On Thu, Mar 30, 2023 at 12:08:01AM +0000, Eric Biggers wrote:
Hi Sasha,
On Mon, Feb 27, 2023 at 07:52:39PM -0500, Sasha Levin wrote:
Sasha, 7 days is too short. People have to be allowed to take holiday.
That's true, and I don't have strong objections to making it longer. How often did it happen though? We don't end up getting too many replies past the 7 day window.
I'll bump it to 14 days for a few months and see if it changes anything.
I see that for recent AUTOSEL patches you're still using 7 days. In fact, it seems you may have even decreased it further to 5 days:
Sent Mar 14: https://lore.kernel.org/stable/20230314124435.471553-2-sashal@kernel.org Commited Mar 19: https://git.kernel.org/pub/scm/linux/kernel/git/stable/stable-queue.git/comm...
Any update on your plan to increase it to 14 days?
The commit you've pointed to was merged into Linus's tree on Feb 28th, and the first LTS tree that it was released in went out on March 22nd.
Quoting the concern you've raised around the process:
BTW, another cause of this is that the commit (66f99628eb24) was AUTOSEL'd after only being in mainline for 4 days, and *released* in all LTS kernels after only being in mainline for 12 days.
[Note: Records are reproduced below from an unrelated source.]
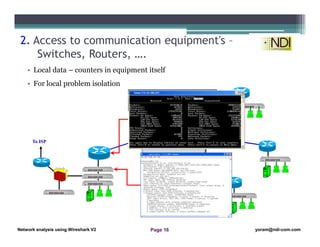 Network Analysis Using Wireshark Version 2Network Analysis using Wireshark V.2 yoram@ndi-com.com
Network analysis using Wireshark V2 yoram@ndi-com.comPage 16
• Local data – counters in equipment itself
• For local problem isolation
2. Access to communication equipment's –
Switches, Routers, ….
To ISP
 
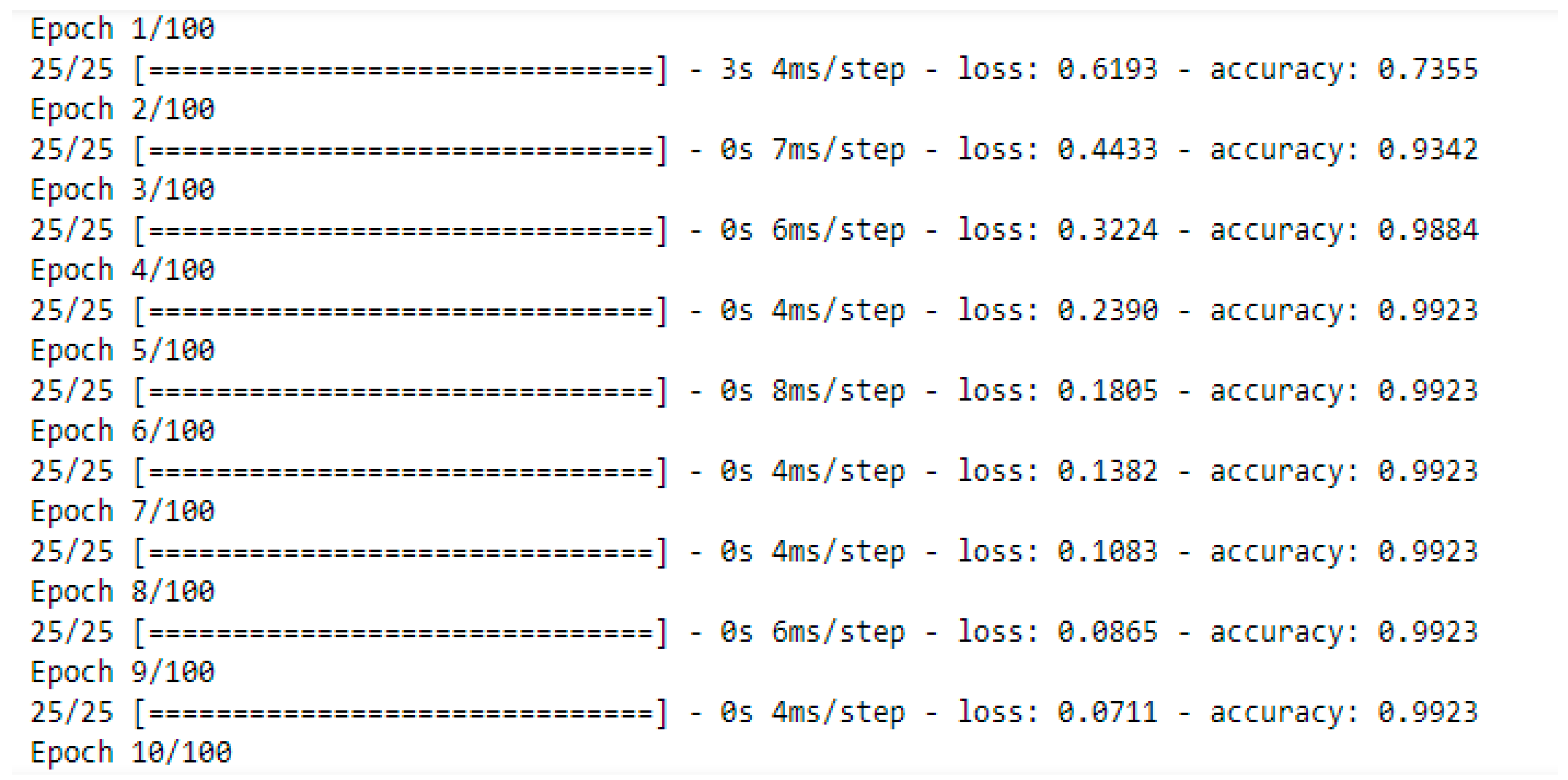 Agriculture 13 01323 g010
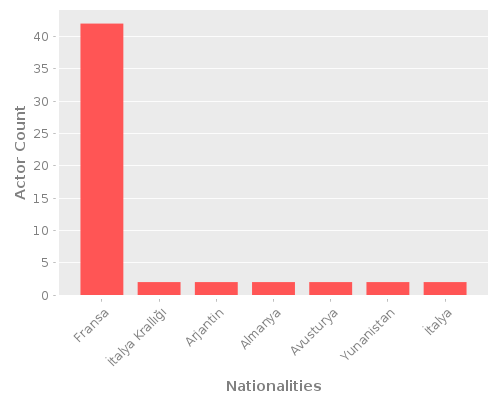 Infographic: Nationalities of Actors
Surely that's a timeline befitting a critical security vulnerability, not some random neural-network-selected commit that wasn't even fixing anything?
So now there's at least 14 days between mainline inclusion and a release in an LTS kernel, does that not conform with what you thought I'd be doing?
Most of that additional time comes in the form of me going over the tree and sending AUTOSEL mails a bit later, so I would be able to also pick follow-up fixes as they come in (and drop stuff that were reverted).
As a side note, inclusion into the stable-queue which you've pointed to above is a few steps before a release - it's mostly a cheap way for us to get mileage out of bots that run on the queue and address issues - it doesn't mean that the commit is released.